Throughout your career, we can see that your games are varied enough. What is your choice: create easy game mechanics instead of other game aspects? Does the indie scene allow you to move within many kinds of gameplay experiences?

I try to take on projects that I think will challenge me to grow as a game designer. While some of my games, I admit, were made purely to help me stay afloat financially, I try to do at least one new thing every time I make a game. If I’m not growing as a result of working on a project, I’ll typically get bored and abandon it. Perhaps this is what has led to the variety you point out.

With Star Swing you offer us a musical chill out game; Ambia is a puzzle shooter; Sun Hop is similar to a gravity simulator… How is possible for you to create games with so many differences? What are your game references?

Ian SnyderI don’t know if I’d say those games are all that different from each other, to be honest. Each of those three occurs on a 2 dimensional matrix, deals with gravity, has a relaxing soundtrack, and has a predominantly blue color scheme. Both Star Swing and Sun Hop are played with only one button. All of them take heavy influence from other videogame works that existed before them. Star Swing, for example, was heavily inspired by videos of Steph Thirion’s Faraway (I’ve never actually played the game though). Ambia doesn’t really do anything novel in terms of mechanics… it’s a bit like a cross between Cave Story (Studio Pixel, 2004) and Super Create Box (Vlambeer, 2010). Sun Hop takes its inspiration from an old Tonypa game called Geartaker.

I feel pretty self conscious about these three games in particular. They’re, on the whole, some of the least original work I’ve done. Each of them falls under the category of games I made almost purely to sustain myself financially, too. Although -I’ll note- none of them did particularly well financially. I suppose they don’t tread too hard on their predecessor’s toes, but I’m still uncomfortable with them.

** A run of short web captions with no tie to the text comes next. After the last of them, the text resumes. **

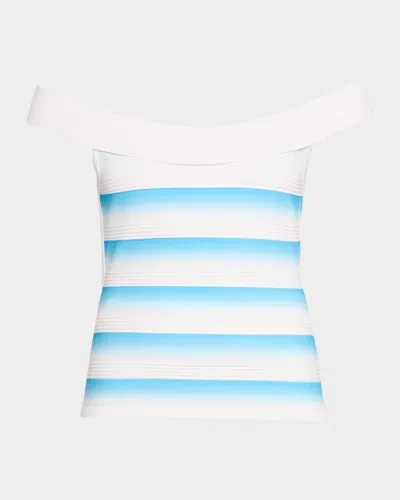 Herve Leger The Jessi Banded Ombre Top In White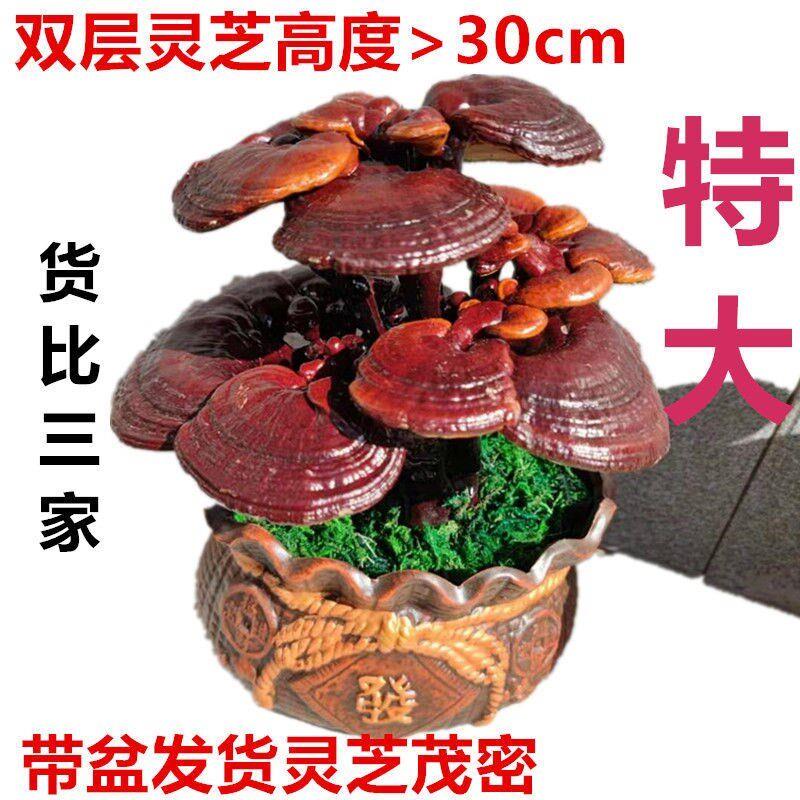 活灵芝盆栽灵芝盆景摆件真灵芝盆景书桌摆件轻奢高档桌面灵芝礼品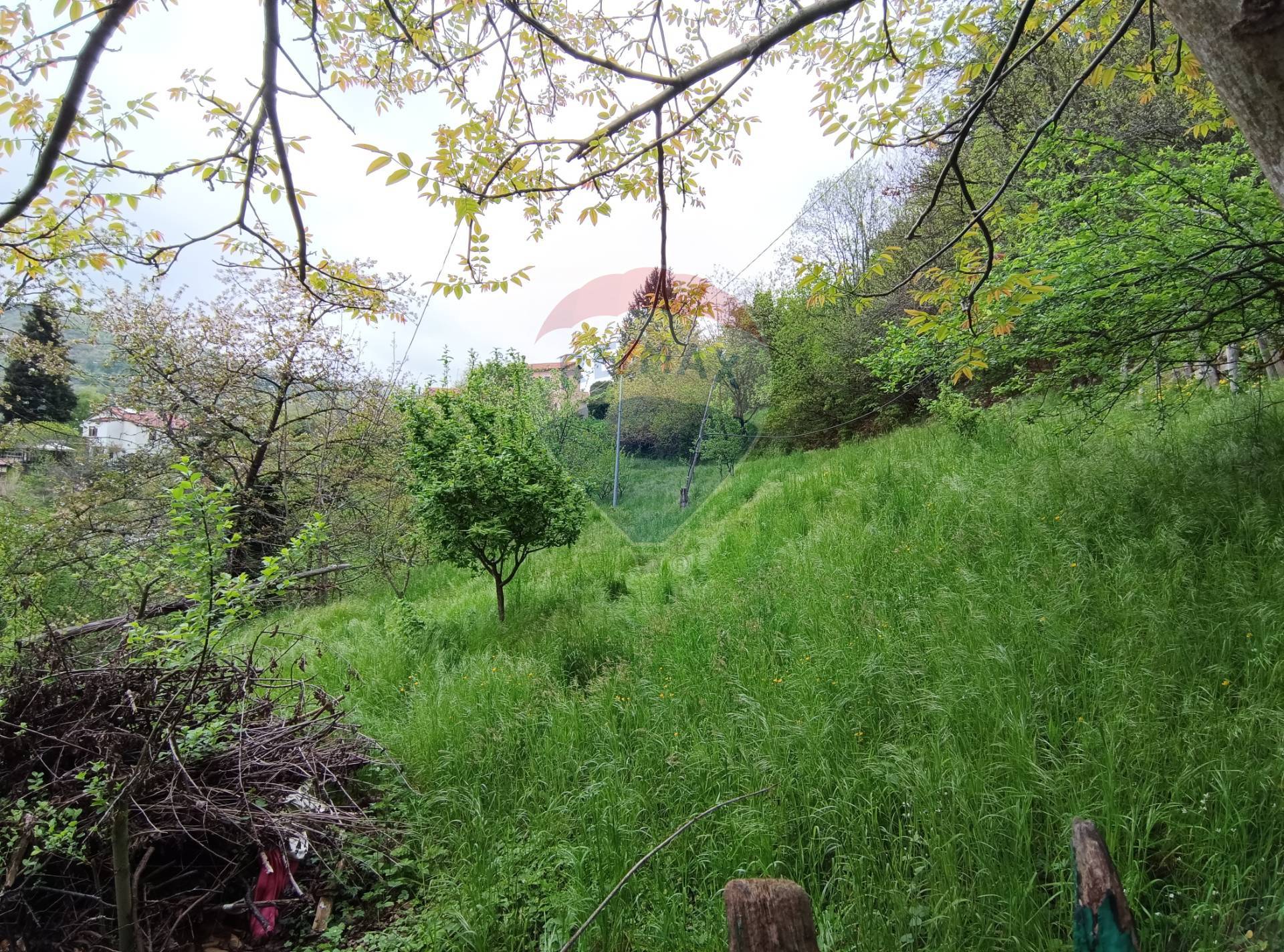 Casa Semindipendente in vendita a Murialdo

Can we use Star Swing like a anti-stress complement? How you can bet for a project like this? We can consider it a relaxing work like Osmos or Proteus?

Sure, I guess part of the aim of Star Swing was to make a relaxing experience. The score counting is deliberately obtuse, and is such that it allows you to dip in and out of play at any time. I really like that aspect of it, actually. As I said earlier, it was a mostly financial project for me, but what kept my interest in it was the musical and graphical aspect. I’m still quite fond of the soundtrack for that game. It’s simple, but it’s effective nevertheless.

Not considering The Floor is Jelly, all of your games can be played in the web browser. Do you intend to promote easily gameplays instead of no narrative or hard mechanics games?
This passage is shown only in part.